这些倒是张自忠意料之中的,或者说是担心之中的,而意料之外的是日军的停顿并不是如委员长和李长官的认为要撤退了,而是正处在两次进攻之间的间歇。委员长判断的坚强基础就是去年日本人就是这样的,那么今年也得是这样,要不然就是如同球场上犯规了,那是不讲武德的。所以呢,委员长用去年的黄历算准了今年的日子,督促全面反击,至于战法此时也是不需要的,抡“铁锤痛击”就够了。
和咱们委员长按照去年的黄历打仗的办法不一样,日军根据战场形势随时做出调整,原计划准备向白河攻击,但现在“5月10日,军在肯定了右翼集团军总司令张自忠将军亲自率领五个师已渡汉水进入东岸的情报后,立即命令第13、第39师团及池田支队围歼诱敌。”

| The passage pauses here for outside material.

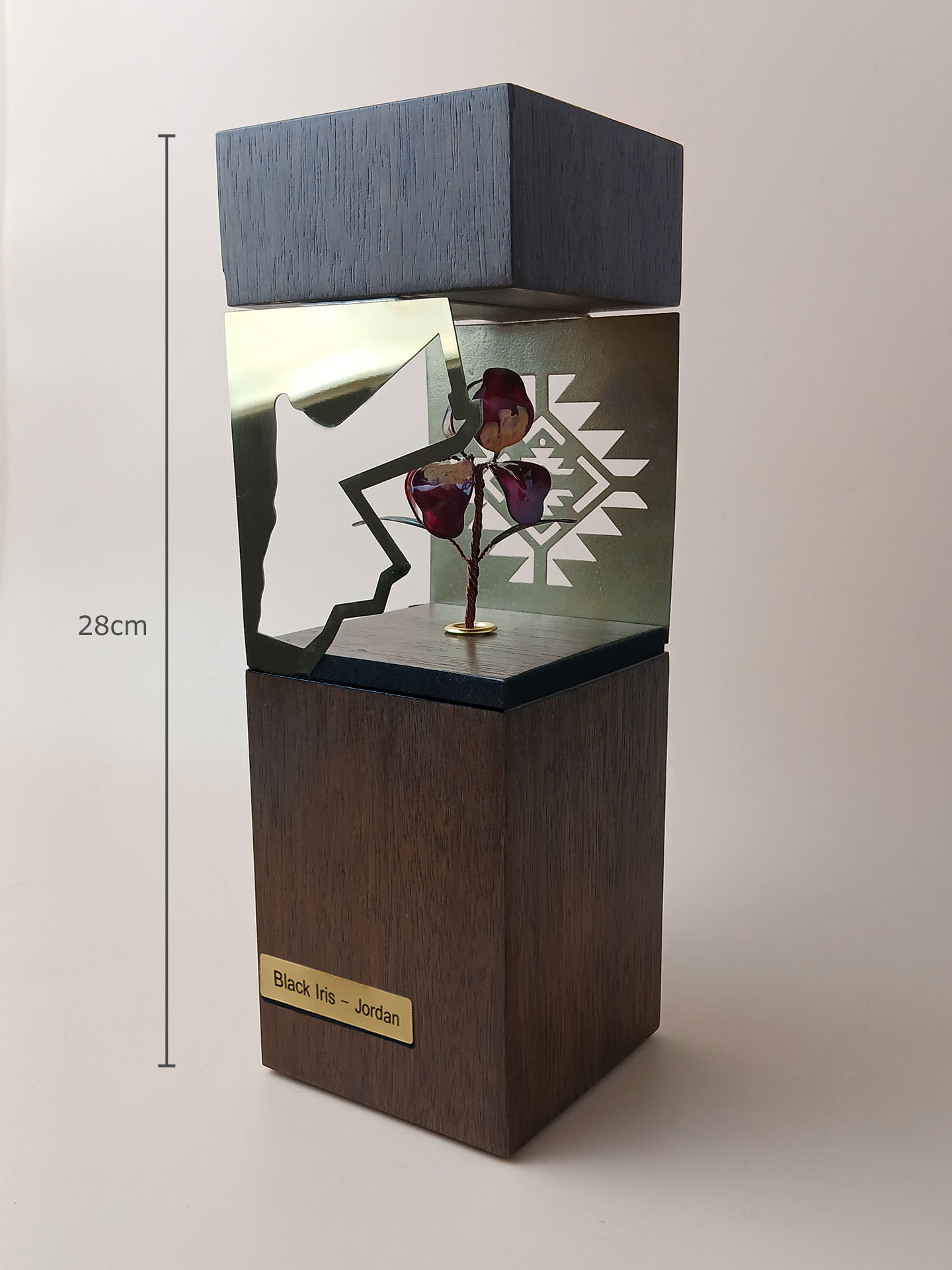 MC426 - Roots of Jordan Trophy " Black Iris "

其时日军北侧的汤恩伯集团及其他部队也在奉委员长之命准备南下打击日军,如此大的动作如果说日军毫无察觉的话那是不可能的,很明显汤恩伯集团的重要性远大于张自忠集团,但是日军没有选择北路而是选择南路,原因就是日军准备南下意图宜昌,而张自忠集团正是日军南下路线的阻碍,此时张自忠集团“五个师”脱离阵地倾巢而出,正是消灭的好机会。5月10日13时,第11军发布作战命令,
“一、张自忠右翼集团主力逐次在大洪山北麓地区集结,有开始北进之模样;
二、军决定捉住敌军蠢动之良机,在汉水彻底消灭之。”
对于日军准备围歼张自忠集团的企图,国军方面是毫无察觉,甚至是想也不往那方面去想,至于往哪方面想,那倒是令人捉摸不透的,5月10日,委员长给李长官发电报,“据报,在唐白河畔三路会和之敌,将以舞阳为中心目标,向右回旋运动。希严令张自忠、周碞各部,向东北方猛攻当面之敌,与孙连仲、汤恩伯两部协同,击灭敌人为要。”
如果给古今中外的笑话搞一个排行榜,这封电报可以排在笑话的前几名,日本人看到这封电报可以笑掉所有的大小牙。如果给不着调搞一个排行榜,这封电报可以排在南辕北辙、刻舟求剑之后的第三名。
进攻的最好战法就是分进合击,这个道理实在是没有一丁点儿给军迷讲的必要性。现在日军三路进攻结束之后,却要兵合一处、将打一家、排好队去攻击500多里外的舞阳?而且是“向右回旋运动”?
这个500多里外的舞阳是个什么地方?难道比现在嘴边的襄阳还重要?舞阳是个小地方,也是穷地方,既不在平汉线上,也不是豫陕通路的要隘,既非战略重心也不是重要物资出产地,顶多是美女多一些,不过即便是美女多一些就比襄阳的美女多了?日本人派出三个师团排队去攻击舞阳干什么去啊?是不是蒋宋美龄此时正在舞阳?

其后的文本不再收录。